As muitas pessoas que ali se encontravam assistiam ao “espectáculo” interessadas e curiosas, sem nada dizer ou fazer. Às tantas, uma senhora veio ter connosco explicando que o homem rouba e que essa seria a razão do castigo. Mais uma vez, dissemos que sabíamos disso, mas que num Estado de direito a justiça é feita pelo Estado.
Completamente chocados, avançámos pela ponte romana e deparamos com dois polícias, a quem ainda exaltados, contámos o incidente.
Enquanto um deles se afastou imediatamente, o outro ouviu-nos e explicou que não podia fazer nada e que se quiséssemos, podíamos ir à esquadra apresentar queixa. Acrescentou ainda que a polícia já actuou várias vezes, entregando o ladrão à justiça, mas que de cada vez ele volta a ser libertado, não sendo, por isso, de estranhar que, se nem os tribunais nem a autarquia intervêm, as pessoas se queiram proteger.
Sem palavras e já sem qualquer vontade de continuar o passeio, apenas argumentámos que se nada se pode fazer, estamos entregues a uma impunidade inaceitável num estado de direito e voltamos à barbárie.
Vejamos, o que nos diz este incidente?
Em Tavira, durante a feira da Dieta Mediterrânica, em plena rua e na presença de inúmeros espectadores, uma pessoa que (nessa altura) apenas caminhava na rua, é brutalmente atacada. Dois homens saem de duas lojas locais e sentem-se no direito de fazer justiça pelas suas próprias mãos em público, com o argumento de que o indivíduo precisa de uma lição e que a polícia nada faz ou é impotente.
Como cidadãos, perguntamo-nos: como é possível que este conhecido larápio, que foi filmado por câmaras de vigilância durante vários roubos a lojas e que, segundo a polícia, foi várias vezes condenado, continue em liberdade, entregue a si próprio e à situação em que rouba e assedia os transeuntes? Claro que a revolta dos habitantes e proprietários das lojas é muito compreensível.
Mas é igualmente verdade que, num estado de direito, a justiça é feita pelo Estado, ninguém tem o direito de fazer justiça pelas suas próprias mãos.
O que nos diz este incidente sobre a confiança das pessoas quanto à capacidade do Estado português de garantir o estado de direito, o que nos diz sobre a confiança nos seus órgãos, na polícia, no poder judicial e na autarquia? São todos impotentes para garantir a lei, a ordem social e a justiça?
É de todo incompreensível e perigoso que os decisores políticos continuem a ignorar esta realidade.

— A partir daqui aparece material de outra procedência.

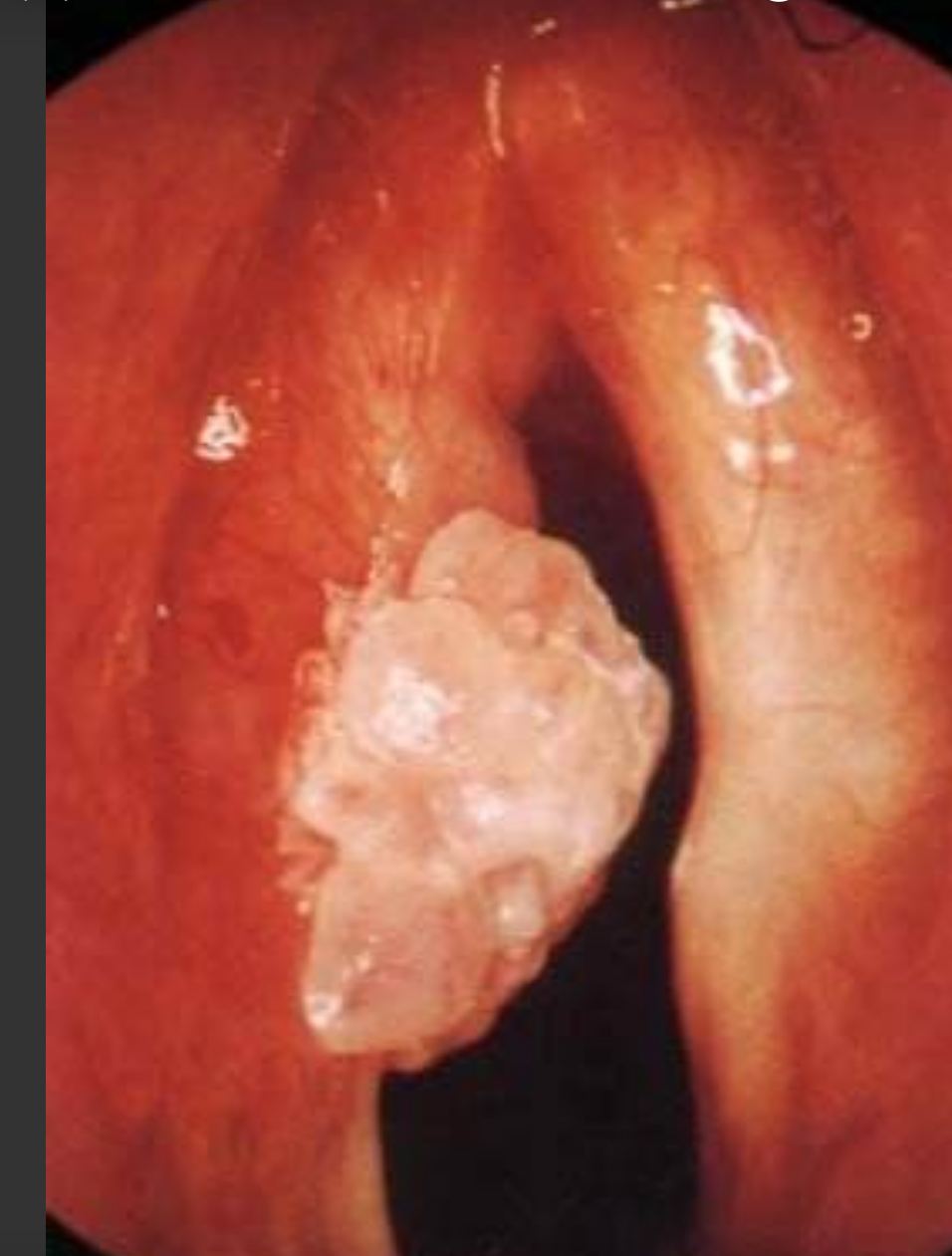 5,喉癌:声嘶进行性加重,随着肿瘤体积增大可致呼吸困难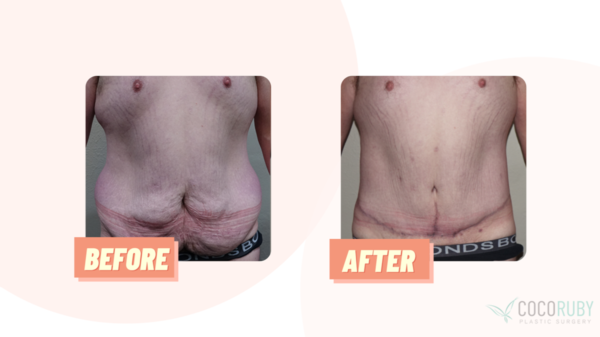 Coco Ruby Blog - Before and After Belt Lipectomy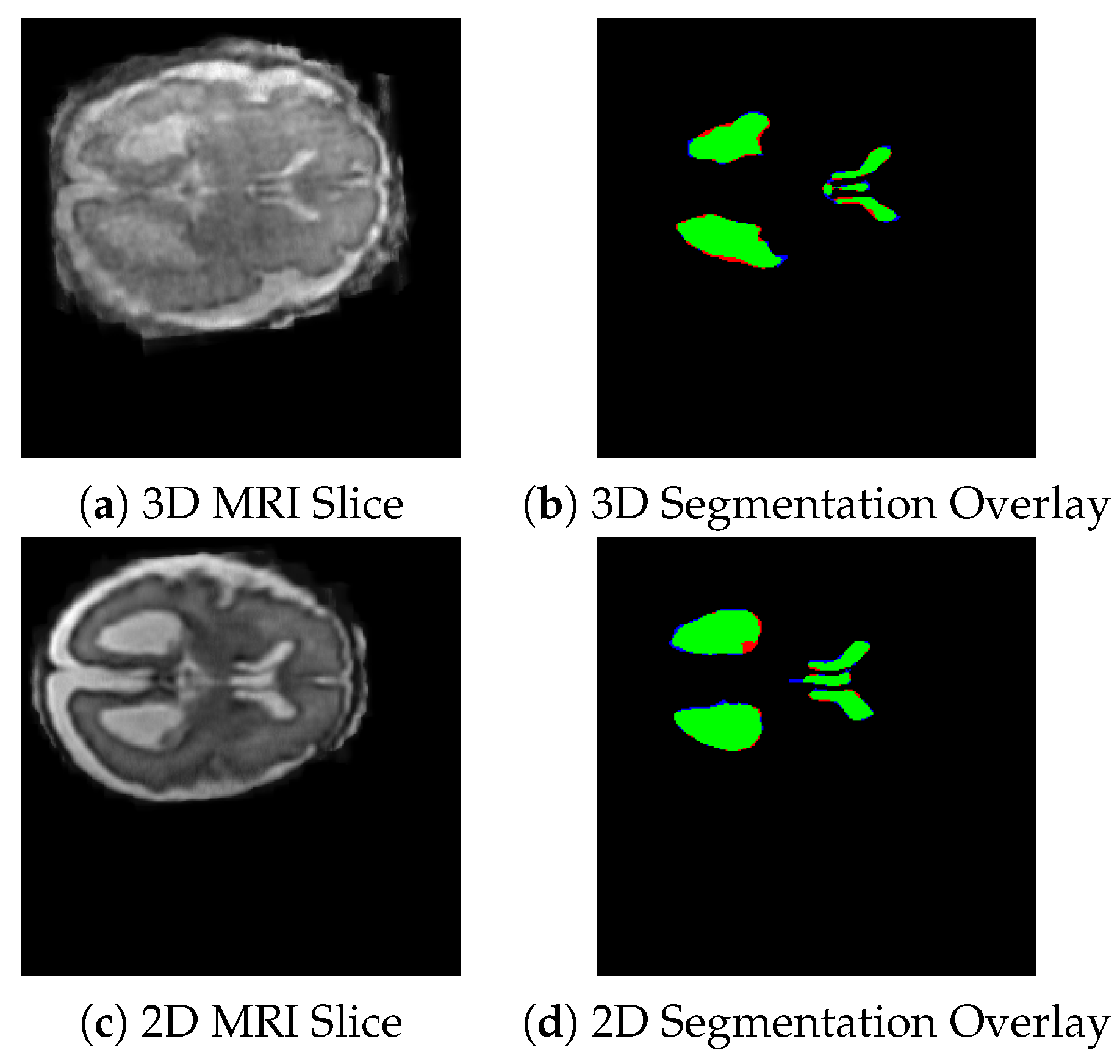 Jimaging 11 00444 g004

Os graffitis de “erva power” e a venda de droga em vários locais da cidade são também indicadores de que, sob a fachada da “Tavira Linda” e dos constantes festivais e feiras, se escondem problemas brutais, que urge resolver.
É mais do que tempo de o governo local e nacional encararem este fracasso do Estado de direito e actuem com medidas urgentes. É a própria democracia que está em grande perigo.